Shares of BJ's Wholesale Club Holdings Inc. (NYSE:BJ) climbed 19% in August, according to data from S&P Global Market Intelligence, on the heels of the warehouse shopping club's recent return to the public stock markets and its second-quarter 2018 report.
For perspective, at the start of last month BJ's had soared nearly 50% since pricing its initial public offering at $17 per share in late June. And it only continued to go modestly higher ahead of its Q2 report. When that report hit the wires on Aug. 28, 2018, the stock jumped nearly 10% to close out the month.
Still, that's not to say BJ's actual results were overwhelmingly strong. Quarterly net sales climbed 4.3% to $3.2 billion, including 2% growth in comparable-club sales excluding gasoline. That translated to a GAAP net loss of $5.6 million, or $0.05 per share -- though BJ's generated net income of $0.31 per share after adjusting for items like IPO costs, recent debt extinguishment, and stock-based compensation.

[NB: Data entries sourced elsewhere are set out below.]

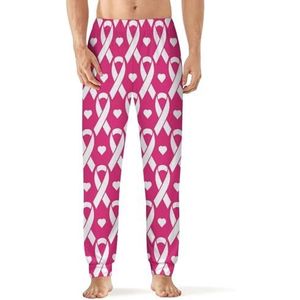 Roze Lint Borstkanker Mannen Pyjama Broek Zachte Lounge Bodems Met Zak Slaap Broek Loungewear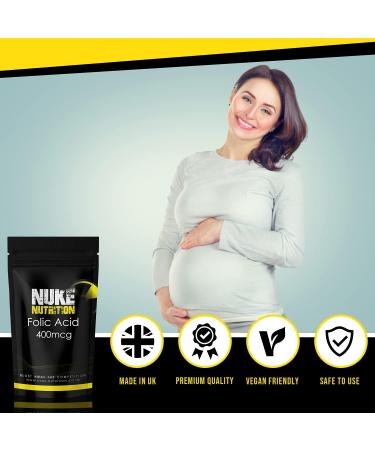 Nuke Nutrition Folic Acid Tablets 400mcg - 60 Tablets | Pre Pregnancy Vitamins for Women | Reduce Tiredness | Folic Acid & Folate Supplement for Men & Women - Buy Online on GoSupps.com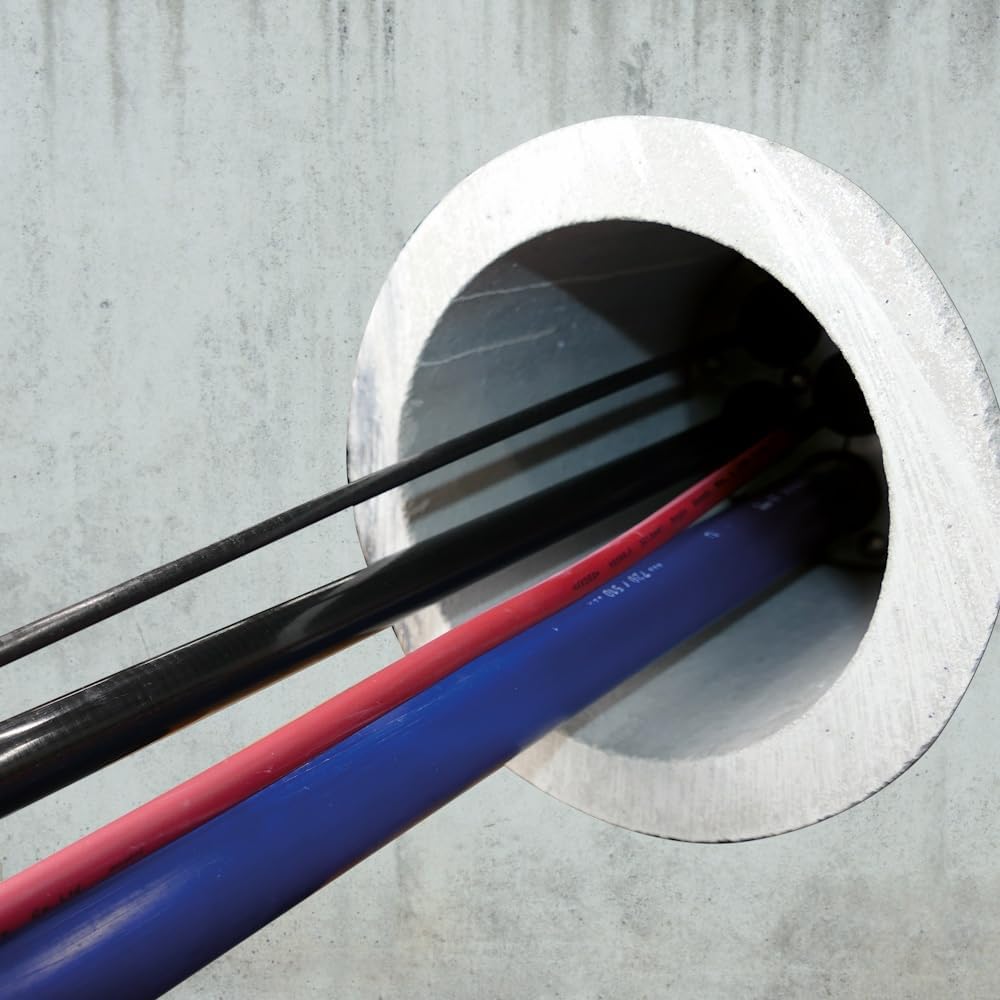 WITTKOWARE 100mm Mauerdurchführung (DN100 Ringraumdichtung), geteilt, für bis zu 4 Kabel/Rohre (4mm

And analysts, on average, were only expecting adjusted earnings of $0.27 per share.
Looking ahead to the full year, BJ's told investors to expect net sales of $12.6 billion to $12.7 billion, assuming comparable-store sales growth of 1.8% to 2.1%. That should translate to 2018 adjusted earnings per share of $1.17 to $1.24.
Keeping in mind the bulk of BJ's Wholesale's IPO proceeds went to paying down debt, we're also talking about a relatively slow-growing business that trades at around 25 times those earnings estimates -- and one with nearly $1.9 billion in long-term debt and only $31 million in cash at the end of the quarter. That's not to say BJ's cash flows can't help it continue to dig out of that hole and expand its presence. But as it stands after its recent rise, I'm content watching BJ's Wholesale's progress from the sidelines.